Haben Sie schon einmal darüber nachgedacht, liebe Schwestern und Brüder, dass die Seligpreisung Jesu auch uns gilt? Dass wir zu den Bevorzugten und Privilegierten gehören, die das sehen und hören dürfen, was anderen verborgen bleibt. Jeden Sonntag hören wir das Wort Jesu, ja, wir können es schwarz auf weiß gedruckt nachlesen. Wir wissen von Jesus, wie sehr uns Gott liebt und wer er eigentlich ist. 

Wir genießen das unschätzbare Privileg, über Gott keine Mutmaßungen anstellen zu müssen, sondern aus dem Mund seines eigenen Sohnes hören zu können, dass Gott ein "Du" ist, das uns kennt, das uns beim Namen ruft und unseren Namen in seine Hand geschrieben hat. Wir können seinem Sohn Jesus Christus begegnen im eucharistischen Brot. Er will unser tägliches Brot sein, Nahrung und Speise für jeden Tag. Wir sind die Erwählten, denen in Taufe und Firmung der Heilige Geist geschenkt ist. Da ist es schon eigenartig, wie sich viele Christen verhalten, obwohl sie doch so beschenkt sind. Manchmal könnte man meinen, sie sehen und sehen doch nicht, sie hören und hören doch nicht. Warum wohl?

Dann ist da noch der Jubelruf Jesu, mit dem unser Abschnitt beginnt: "Ich preise dich Vater, Herr des Himmels und der Erde, weil du all das den Weisen und Klugen verborgen, den Unmündigen aber geoffenbart hast. Ja, Vater, so hat es dir gefallen." Das Wort, das da im griechischen Text steht, kann außer mit "unmündig" auch mit "arm", "klein", "gering" und "einfältig" übersetzt werden.

Es ist der Kontrastbegriff zu denen, die in der Welt etwas gelten, die klug, gebildet und reich sind. Jesus hat allen Menschen gepredigt, aber es waren nicht viele Gebildete und Mächtige, die sich von ihm anrühren ließen. Die gesellschaftliche Elite seines Volkes und seiner Zeit konnte herzlich wenig mit ihm anfangen oder lehnte ihn ab. Das Christentum war, von wenigen Ausnahmen abgesehen, in den Anfängen klar eine Arme-Leute-Religion. Das ist nicht zufällig so. Wer alles hat, in vollem Saft steht und im überfluss schwimmt, braucht gar keine Erlösung. Ihm geht es ja gut und der Gedanke an den Tod läßt sich immer wieder wegschieben und verdrängen. Der, der unten steht, der nichts hat und nichts kann, der ist offener für eine Veränderung, ist eines Erlösers bedürftiger. Wer sich nur auf sich selbst verlässt, wird sich nicht auf Gott verlassen wollen.

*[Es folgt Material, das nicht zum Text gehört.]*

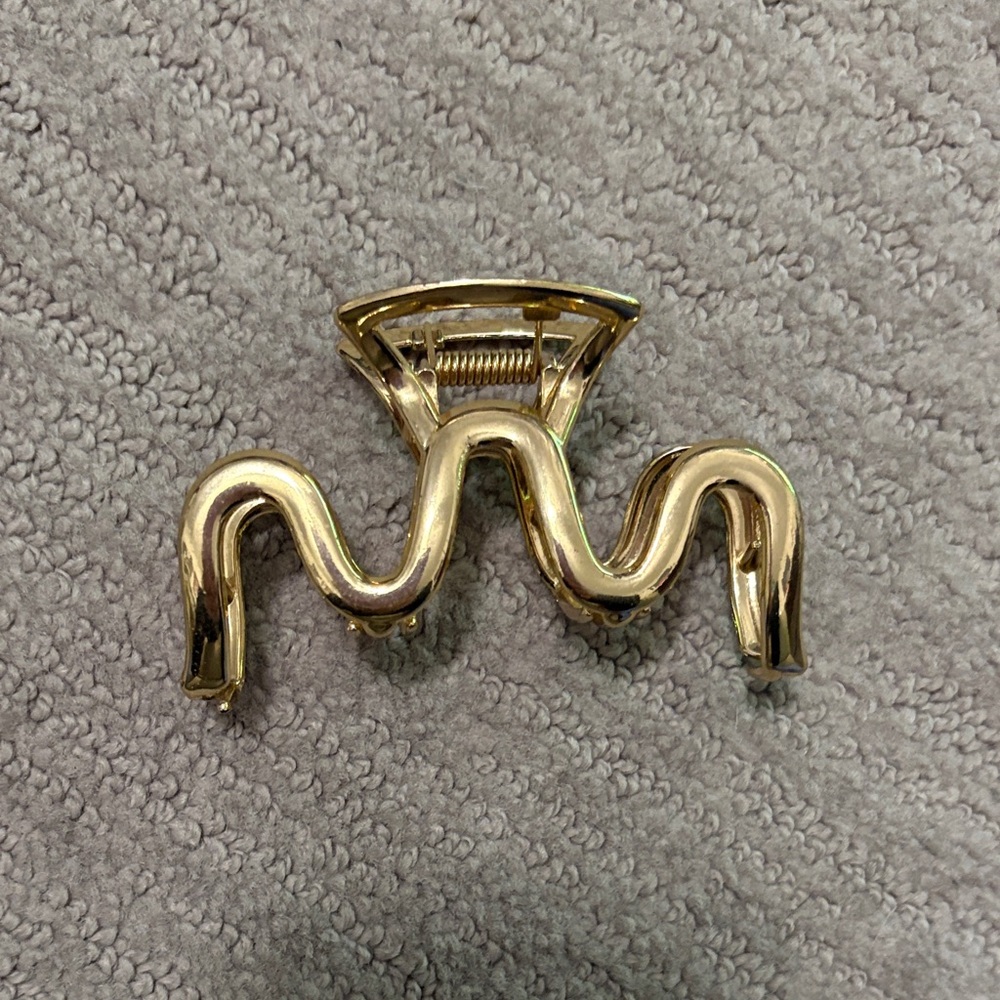 ASOS Gold Swirl Hair Clip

Die Armut an sich ist ein Mangel, eine Not. Sie kann aber auch zum Ansatzpunkt der Gnade werden, nämlich dann, wenn meine leeren Hände mich bereit machen, etwas von Gott zu erwarten und zu empfangen. Beim Zuhören, liebe Schwestern und Brüder, wird ihnen die Verbindung der beiden Teile unseres Evangeliums gelungen sein. Nur der Mensch mit den offenen Händen gehört zu den Seliggepriesenen Jesu. Nur, wer seine Bedürftigkeit erkennt und darunter leidet, ist offen für die Worte und die Taten Jesu. Jeder aber, der die Gabe Gottes annimmt, ist für Jesus ein Grund zum Dank und zur Preisung Gottes.